WORK REQUEST >> Beginning with the first line below, please restate each line exactly, down to and including the line containing "Farm King Easy".

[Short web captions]
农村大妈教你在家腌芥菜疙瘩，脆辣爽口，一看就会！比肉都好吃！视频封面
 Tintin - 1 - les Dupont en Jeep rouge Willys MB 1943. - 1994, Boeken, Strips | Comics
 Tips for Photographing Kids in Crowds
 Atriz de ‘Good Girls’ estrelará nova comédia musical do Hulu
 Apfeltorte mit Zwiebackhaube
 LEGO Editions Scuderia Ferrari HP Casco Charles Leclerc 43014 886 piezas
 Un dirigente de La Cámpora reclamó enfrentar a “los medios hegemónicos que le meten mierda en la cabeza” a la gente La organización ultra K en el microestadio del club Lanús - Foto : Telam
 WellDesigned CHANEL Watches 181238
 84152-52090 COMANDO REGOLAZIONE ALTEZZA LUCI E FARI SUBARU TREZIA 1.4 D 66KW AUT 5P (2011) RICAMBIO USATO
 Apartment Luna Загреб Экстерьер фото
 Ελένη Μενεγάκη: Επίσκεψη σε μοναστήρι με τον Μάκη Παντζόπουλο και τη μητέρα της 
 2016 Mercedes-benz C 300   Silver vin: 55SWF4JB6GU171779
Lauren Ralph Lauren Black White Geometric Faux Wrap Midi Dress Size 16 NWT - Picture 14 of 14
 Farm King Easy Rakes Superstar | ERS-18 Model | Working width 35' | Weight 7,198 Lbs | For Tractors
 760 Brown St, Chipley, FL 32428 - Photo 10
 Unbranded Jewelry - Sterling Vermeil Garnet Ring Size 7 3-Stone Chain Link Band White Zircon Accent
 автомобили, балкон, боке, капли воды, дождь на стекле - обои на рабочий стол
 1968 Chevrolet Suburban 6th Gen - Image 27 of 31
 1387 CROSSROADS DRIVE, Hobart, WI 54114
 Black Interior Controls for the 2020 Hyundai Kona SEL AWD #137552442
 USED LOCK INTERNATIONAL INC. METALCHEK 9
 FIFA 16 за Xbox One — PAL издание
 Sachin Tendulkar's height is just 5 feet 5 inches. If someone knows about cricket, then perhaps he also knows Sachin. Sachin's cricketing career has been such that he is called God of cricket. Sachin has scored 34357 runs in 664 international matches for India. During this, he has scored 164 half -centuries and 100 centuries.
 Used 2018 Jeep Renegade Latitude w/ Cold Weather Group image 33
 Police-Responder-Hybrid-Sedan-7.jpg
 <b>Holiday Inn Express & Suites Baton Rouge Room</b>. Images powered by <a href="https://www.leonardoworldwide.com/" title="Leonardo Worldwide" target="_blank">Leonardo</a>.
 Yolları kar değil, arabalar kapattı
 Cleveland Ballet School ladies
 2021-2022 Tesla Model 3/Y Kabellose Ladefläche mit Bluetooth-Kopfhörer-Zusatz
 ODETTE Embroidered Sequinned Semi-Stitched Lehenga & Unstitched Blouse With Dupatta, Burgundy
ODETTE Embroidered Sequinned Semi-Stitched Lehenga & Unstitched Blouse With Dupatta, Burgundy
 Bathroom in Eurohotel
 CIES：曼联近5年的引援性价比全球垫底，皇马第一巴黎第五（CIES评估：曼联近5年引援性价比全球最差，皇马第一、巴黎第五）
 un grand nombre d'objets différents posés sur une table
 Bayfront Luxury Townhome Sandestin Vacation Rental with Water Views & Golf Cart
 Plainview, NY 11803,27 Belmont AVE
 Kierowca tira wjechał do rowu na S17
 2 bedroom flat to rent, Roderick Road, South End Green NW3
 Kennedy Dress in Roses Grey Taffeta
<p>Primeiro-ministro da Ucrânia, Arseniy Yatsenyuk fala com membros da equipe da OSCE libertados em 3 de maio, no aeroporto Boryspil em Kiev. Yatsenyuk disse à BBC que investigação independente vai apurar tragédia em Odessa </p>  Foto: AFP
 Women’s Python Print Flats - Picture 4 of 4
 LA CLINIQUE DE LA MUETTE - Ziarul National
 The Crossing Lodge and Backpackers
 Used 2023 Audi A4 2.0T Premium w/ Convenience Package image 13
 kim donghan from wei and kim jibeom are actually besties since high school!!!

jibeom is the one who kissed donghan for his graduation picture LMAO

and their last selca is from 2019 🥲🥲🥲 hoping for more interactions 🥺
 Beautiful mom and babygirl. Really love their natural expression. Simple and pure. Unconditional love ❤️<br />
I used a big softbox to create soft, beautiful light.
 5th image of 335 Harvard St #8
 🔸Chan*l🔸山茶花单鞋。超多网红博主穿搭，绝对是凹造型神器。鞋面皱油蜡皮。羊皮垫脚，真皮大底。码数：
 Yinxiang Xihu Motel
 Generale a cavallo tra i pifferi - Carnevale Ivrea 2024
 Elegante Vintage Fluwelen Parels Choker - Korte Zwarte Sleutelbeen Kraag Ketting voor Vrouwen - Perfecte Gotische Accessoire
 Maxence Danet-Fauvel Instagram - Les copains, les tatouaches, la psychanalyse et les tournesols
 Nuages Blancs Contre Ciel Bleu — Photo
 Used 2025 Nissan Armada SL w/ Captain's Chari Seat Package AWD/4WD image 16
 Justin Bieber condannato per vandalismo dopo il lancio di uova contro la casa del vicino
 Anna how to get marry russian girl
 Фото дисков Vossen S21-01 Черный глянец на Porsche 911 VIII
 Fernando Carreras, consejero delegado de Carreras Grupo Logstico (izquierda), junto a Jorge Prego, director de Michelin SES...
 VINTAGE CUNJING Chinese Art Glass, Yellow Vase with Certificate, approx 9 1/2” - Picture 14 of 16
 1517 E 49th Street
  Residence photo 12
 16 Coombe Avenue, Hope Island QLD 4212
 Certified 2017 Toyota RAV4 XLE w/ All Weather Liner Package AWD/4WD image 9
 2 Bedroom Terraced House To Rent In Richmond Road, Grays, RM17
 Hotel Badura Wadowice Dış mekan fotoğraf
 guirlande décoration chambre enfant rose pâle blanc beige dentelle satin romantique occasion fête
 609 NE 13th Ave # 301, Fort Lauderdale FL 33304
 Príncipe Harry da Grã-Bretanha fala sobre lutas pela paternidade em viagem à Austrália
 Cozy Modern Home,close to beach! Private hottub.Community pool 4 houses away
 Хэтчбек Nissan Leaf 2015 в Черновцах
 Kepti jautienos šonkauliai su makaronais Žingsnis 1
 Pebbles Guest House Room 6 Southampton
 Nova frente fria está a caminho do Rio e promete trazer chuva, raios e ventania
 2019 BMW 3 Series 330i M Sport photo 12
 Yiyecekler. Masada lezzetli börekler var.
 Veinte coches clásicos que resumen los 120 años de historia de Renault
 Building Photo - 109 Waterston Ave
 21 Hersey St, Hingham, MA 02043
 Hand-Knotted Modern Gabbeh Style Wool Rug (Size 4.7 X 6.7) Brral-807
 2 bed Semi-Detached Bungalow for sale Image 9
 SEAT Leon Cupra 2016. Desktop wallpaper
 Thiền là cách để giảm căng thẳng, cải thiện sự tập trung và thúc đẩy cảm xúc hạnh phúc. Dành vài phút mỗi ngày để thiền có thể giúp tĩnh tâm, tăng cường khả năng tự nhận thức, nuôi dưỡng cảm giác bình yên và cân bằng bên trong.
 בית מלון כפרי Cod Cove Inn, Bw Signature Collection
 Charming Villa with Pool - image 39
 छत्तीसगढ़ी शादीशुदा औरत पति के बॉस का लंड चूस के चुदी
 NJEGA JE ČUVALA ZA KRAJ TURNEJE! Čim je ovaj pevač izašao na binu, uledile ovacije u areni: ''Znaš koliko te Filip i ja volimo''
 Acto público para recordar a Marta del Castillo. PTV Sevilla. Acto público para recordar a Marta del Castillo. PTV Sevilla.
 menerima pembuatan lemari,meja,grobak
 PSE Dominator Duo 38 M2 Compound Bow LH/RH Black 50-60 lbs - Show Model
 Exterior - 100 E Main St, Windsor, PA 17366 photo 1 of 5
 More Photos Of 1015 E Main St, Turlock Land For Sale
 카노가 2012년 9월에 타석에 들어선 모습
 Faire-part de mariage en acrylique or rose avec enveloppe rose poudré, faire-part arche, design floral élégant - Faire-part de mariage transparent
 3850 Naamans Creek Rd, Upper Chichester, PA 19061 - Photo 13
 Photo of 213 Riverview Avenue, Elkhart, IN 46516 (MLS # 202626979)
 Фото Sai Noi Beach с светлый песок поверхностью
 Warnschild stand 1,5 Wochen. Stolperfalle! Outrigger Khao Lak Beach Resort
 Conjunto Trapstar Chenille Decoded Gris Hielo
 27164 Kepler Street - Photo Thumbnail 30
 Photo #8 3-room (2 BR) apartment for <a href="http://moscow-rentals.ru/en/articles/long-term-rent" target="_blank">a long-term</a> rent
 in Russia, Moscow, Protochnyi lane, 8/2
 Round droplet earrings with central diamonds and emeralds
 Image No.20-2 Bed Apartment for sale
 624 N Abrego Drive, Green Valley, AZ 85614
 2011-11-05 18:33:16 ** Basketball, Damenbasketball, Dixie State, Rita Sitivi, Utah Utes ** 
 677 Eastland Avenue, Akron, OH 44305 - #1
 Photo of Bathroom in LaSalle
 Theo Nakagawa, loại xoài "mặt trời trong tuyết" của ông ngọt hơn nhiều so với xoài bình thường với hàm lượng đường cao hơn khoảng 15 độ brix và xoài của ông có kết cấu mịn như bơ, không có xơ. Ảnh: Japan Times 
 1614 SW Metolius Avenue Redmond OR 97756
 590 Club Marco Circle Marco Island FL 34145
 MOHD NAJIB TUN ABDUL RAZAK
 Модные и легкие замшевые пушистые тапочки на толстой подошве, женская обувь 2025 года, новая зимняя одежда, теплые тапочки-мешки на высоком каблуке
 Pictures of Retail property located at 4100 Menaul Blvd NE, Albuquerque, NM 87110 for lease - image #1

EXERCISE ANSWER >>
农村大妈教你在家腌芥菜疙瘩，脆辣爽口，一看就会！比肉都好吃！视频封面
 Tintin - 1 - les Dupont en Jeep rouge Willys MB 1943. - 1994, Boeken, Strips | Comics
 Tips for Photographing Kids in Crowds
 Atriz de ‘Good Girls’ estrelará nova comédia musical do Hulu
 Apfeltorte mit Zwiebackhaube
 LEGO Editions Scuderia Ferrari HP Casco Charles Leclerc 43014 886 piezas
 Un dirigente de La Cámpora reclamó enfrentar a “los medios hegemónicos que le meten mierda en la cabeza” a la gente La organización ultra K en el microestadio del club Lanús - Foto : Telam
 WellDesigned CHANEL Watches 181238
 84152-52090 COMANDO REGOLAZIONE ALTEZZA LUCI E FARI SUBARU TREZIA 1.4 D 66KW AUT 5P (2011) RICAMBIO USATO
 Apartment Luna Загреб Экстерьер фото
 Ελένη Μενεγάκη: Επίσκεψη σε μοναστήρι με τον Μάκη Παντζόπουλο και τη μητέρα της 
 2016 Mercedes-benz C 300   Silver vin: 55SWF4JB6GU171779
Lauren Ralph Lauren Black White Geometric Faux Wrap Midi Dress Size 16 NWT - Picture 14 of 14
 Farm King Easy Rakes Superstar | ERS-18 Model | Working width 35' | Weight 7,198 Lbs | For Tractors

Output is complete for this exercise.